The nuts are not always eaten on the spot, for, like their famous California cousins, the Redheads store up food for winter use. All sorts of odd nooks and crannies serve the Redheads for storehouses—knot-holes, pockets under patches of raised bark, cracks between shingles and fences, and even railroad ties. Sometimes, instead of nuts, grasshoppers and other eatables are put away in storage. The wise birds at times make real caches, concealing their stores by hammering down pieces of wood or bark over them.

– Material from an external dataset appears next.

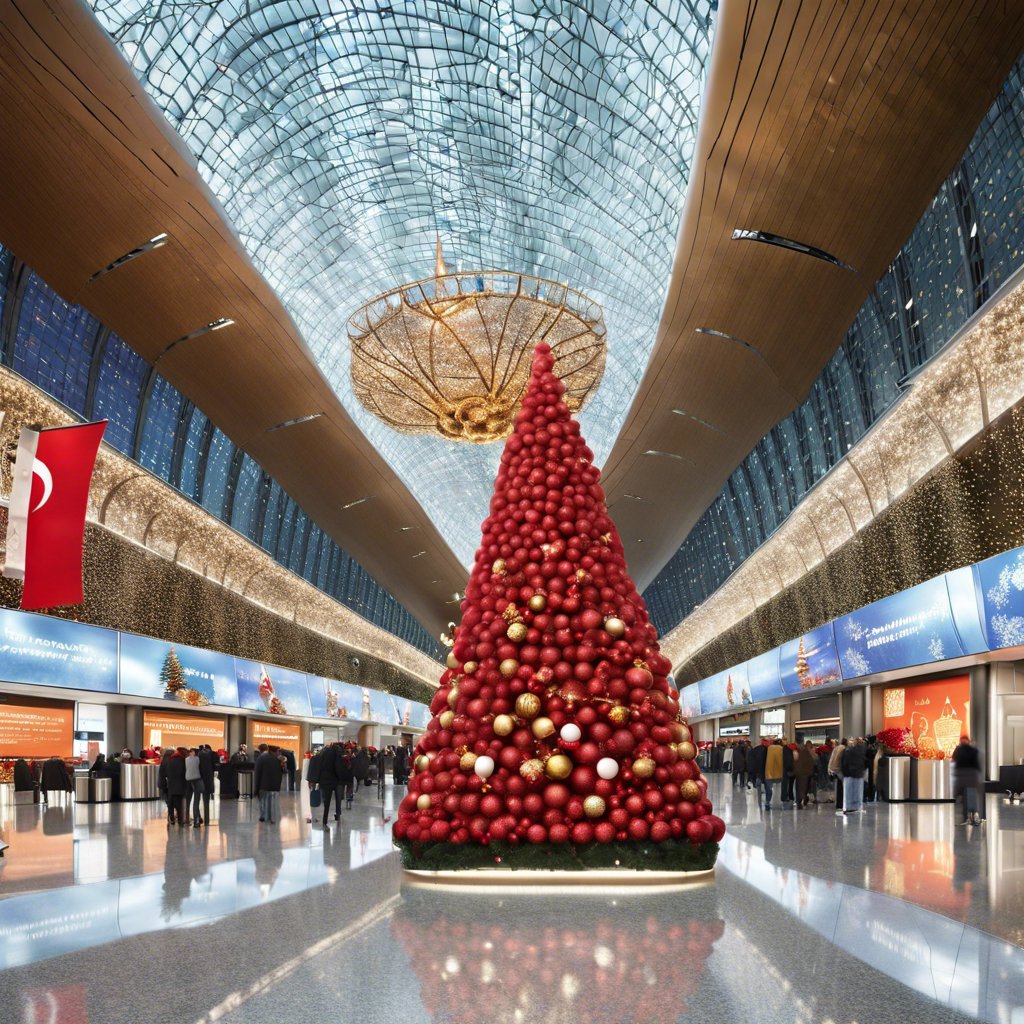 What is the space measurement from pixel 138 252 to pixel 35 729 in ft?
47.1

Beechnuts are such a large part of the fall and winter food of the Redheads in some localities, that, like the gray squirrels, the birds are common in good beechnut winters and absent in others. Cold and snow do not trouble them, if they have plenty to eat, for, as Major Bendire says, many of them "winter along our northern border, in certain years, when they can find an abundant supply of food." In fact, in the greater part of the eastern states the Redhead is "a rather regular resident," but in the western part of its range "It appears to migrate pretty regularly," so that it is rare to see one "North of latitude 40°, in winter." The western boundary of the Redhead's range is the Rocky Mountains, but east of the mountains it breeds from Manitoba and northern New York south to the Gulf of Mexico; though it is a rare bird in eastern New England.

Migration.

In sections where this erratic Woodpecker migrates, it leaves its nesting-grounds early in October, and returns the latter part of April or the beginning of May. Before too much taken up with the serious business of life, the Redhead goes gaily about, as Major Bendire says, "frolicking and playing hide-and-seek with its mate, and when not so engaged, amusing itself by drumming on some resonant dead limb, or on the roof and sides of houses, barns, etc." For though, like other drummers, the Woodpeckers are not found in the front ranks of the orchestra, they beat a royal tattoo that may well express many fine feelings.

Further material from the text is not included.